Dying Eggs with Onion Skins
The hardest part of this recipe is collecting the yellow onion skins! I usually buy a big bag and start saving early. It's easy to peel the onion skins, and you only need them from about 10 onions.
- Place onion skins and water in a saucepan
- Bring to a boil for 15-30 minutes and allow to cool to room temp
- Place eggs into saucepan, bring to boil for 10 minutes. Cover with lid and allow to cool in onion dye.
- Remove eggs with slotted spoon when you're happy with the colors
- For deeper Red Easter Eggs, keep the eggs in onion dye in fridge overnight (the long the eggs sit in natural dye, the deeper and darker the colors will be)
- Keep eggs refrigerated until you're ready to serve
Patterns on Easter Eggs
There are Slavic traditions to have patterns on your onion skin Easter Eggs. You can use wax to write or draw on the eggs before boiling them. Most commonly people use plant leaves, flat parsley or small flowers to leave a pattern. You'll need old pantyhose for this pattern method to work. You can even tie rubber bands around eggs to make linear patterns.
- Place the leaf or flowers around the egg
- Tighten the stocking over the flower and egg and tie it tightly with a string
- Boil in a pot with onion skins as per instructions below
- Carefully remove the stocking and leaves to reveal the patterns
- Take care not to scratch the egg as dye isn't fully set
White or Brown Eggs for Easter Eggs
The color of your Red Easter Eggs will vary based on what eggs you use. White eggs will give you most brightest red color. Brown eggs will make a deep red/brown Easter eggs. Use both for a variation of colored eggs.
White eggs are very hard to find in Australia. You'll need to plan ahead to source them as they aren't sold in supermarkets. I bought chickens that lay white eggs just for this recipe! 🤣
Easter Eggs Recipe Tips
- If you are in a hurry, place all the ingredients in a sauce pan and boil for about 30 minutes. Allow to cool in pot for color to set.
- Add a tablespoon of vinegar with the water to allow dye to set better
- Placing cold eggs in hot water causes them to crack. Place them in warm water to warm them up before placing them in the hot onion water. This reduces the likelihood of cracked eggs.
How to Make Easter Eggs Brighter
Naturally Dyed Easter Eggs can sometimes be dull and matte in color. To make bright Easter Eggs all you need is oil. Place a few drops of vegetable oil in the dyed egg and rub with a paper towel. When serving, you'll get a nice shiny egg that will contrast your natural eggs on the table.

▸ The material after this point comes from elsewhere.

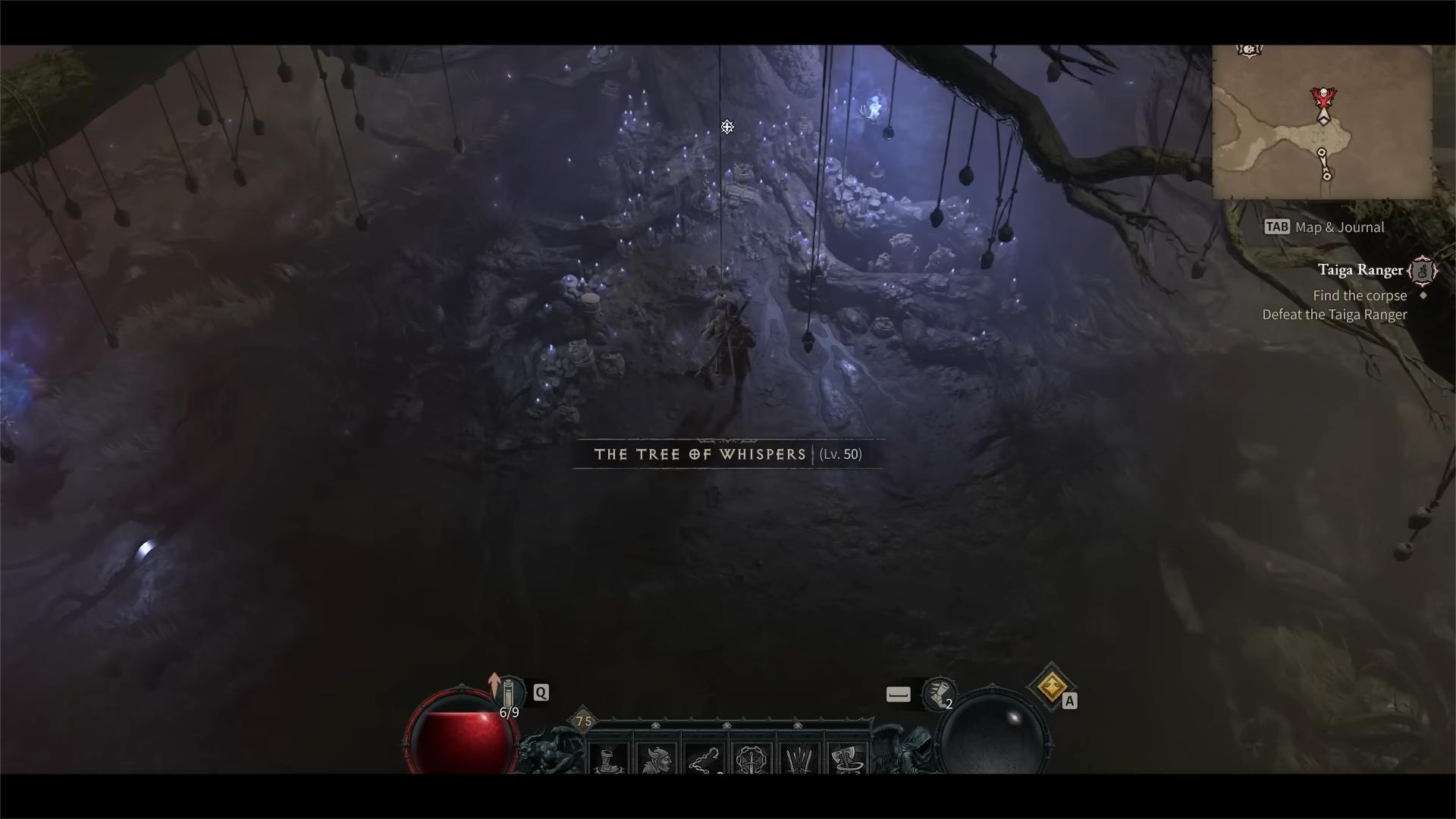 Gefluister van de doden – Diablo IV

How Long Do Easter Eggs Last?
Hard boiled Easter Eggs should last for 1 week if kept in the refrigerator. When placing on the table to serve, the government guidelines are to be kept out for only 2 hours to be safely eaten.
Eating Dyed Easter Eggs
These Easter Eggs aren't just for decoration, you eat them of course! Remember to keep the dyed eggs refrigerated until serving. It seems wasteful to make Easter Eggs and not to eat them! Here's some ideas how to use dyed Easter Eggs.
- Enjoy them peeled with a pinch of salt
- Olivier - Russian Potato Salad
- Smoked Salmon Layered Salad (Shuba)
- Add eggs to your Caesar Salad
- Mimosa Layered Tuna Potato Salad
- Slice it over your avocado on toast
- Make a classic Egg Salad sandwich
It's a great chemical free way to celebrate Easter. Naturally dyed Easter eggs are the healthiest way to make Easter eggs. Bon Appetit! Приятного аппетита!
- onion peels from 12 yellow onions fill pan with onion skins
- water to cover the onion peels and eggs
- 1 dozen uncooked eggs room temperature
- Place the onion peels and water into a saucepan and bring to a boil for about 15-30 minutes.
- Allow to cool to around room temperature. Place room temperature eggs inside the saucepan with the onion peels. Ensure eggs are fully covered with water (add more if needed).
- Bring to a boil and cook eggs in onion dye for about 10 minutes. Cover with lid and allow eggs to cool inside the pan. For a deeper color, keep eggs in the mixture overnight in the fridge.
- Remove with a slotted spoon and allow to dry.
- Gently rub the eggs with a bit of cooking oil for a nice shine. Keep the eggs refrigerated until you are ready to eat them on Easter morning.